Adjusted Net Income and Adjusted Earnings Per
Share (calculated on a diluted basis) represents net income and
earnings per share (as defined by GAAP), excluding the impact of
stock based compensation, severance, restructuring charges, CEO
transition costs, insurance proceeds, gain on sale leaseback
transaction and related transaction costs, impairment charges,
certain charges related to unrelated legal fees and consulting
fees, and adjustments on derivatives not classified as hedges, net
of their income tax impact. Adjustments on derivatives not
classified as hedges are non-cash and are related to overall
financial market conditions; therefore, management believes such
costs are unrelated to our business and are not representative of
our results. Management believes that Adjusted Net Income and
Adjusted Earnings Per Share are useful in assessing the Company’s
financial performance by eliminating expenses and income that are
not reflective of the underlying business performance.
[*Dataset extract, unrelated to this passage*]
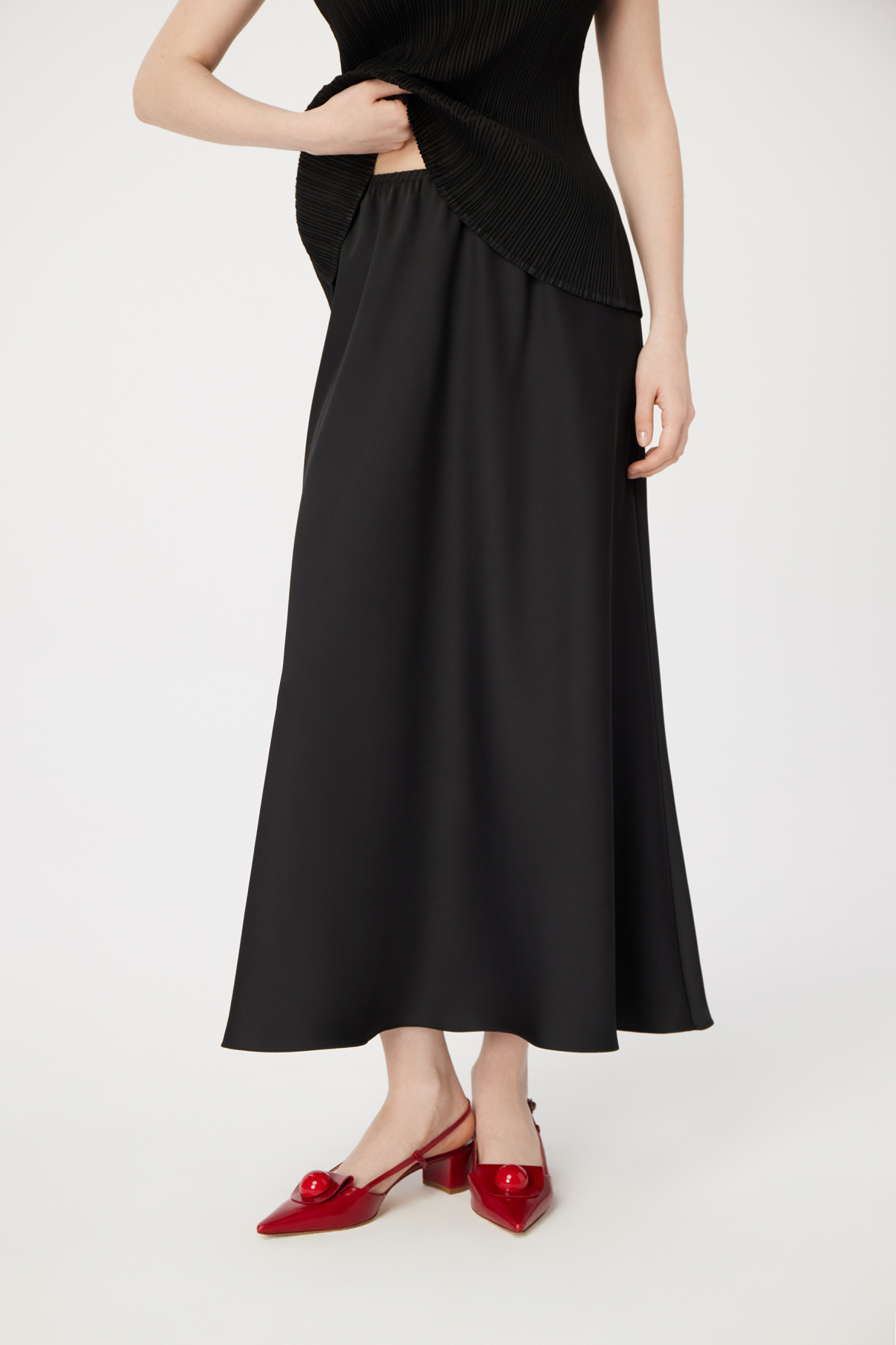 Юбка Nora , черный, арт. FR24SS1SK020W530BL купить в интернет-магазине Юбка Nora , черный, арт. FR24SS1SK020W530BL купить в интернет-магазине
Free Cash Flow is a non-GAAP financial measure
that we define as net cash provided by (used in) operating
activities less net cash used in investing activities. Free Cash
Flow should be evaluated in addition to, and not considered a
substitute for, other financial measures such as Net Income
and Net Cash Provided By (Used in) Operating
Activities. We believe that free cash flow represents our
ability to generate additional cash flow from our business
operations.
Forward Looking Statements
This press release contains certain
forward-looking statements within the meaning of Section 21E of the
Securities Exchange Act of 1934, as amended. These statements
include information relating to future events, future financial
performance, strategies, expectations, competitive environment,
regulation, product demand, the payment of dividends, and
availability of financial resources. These statements are often
identified by use of words such as "anticipate," "believe,"
"intend," "estimate," "expect," "continue," "should," "could,"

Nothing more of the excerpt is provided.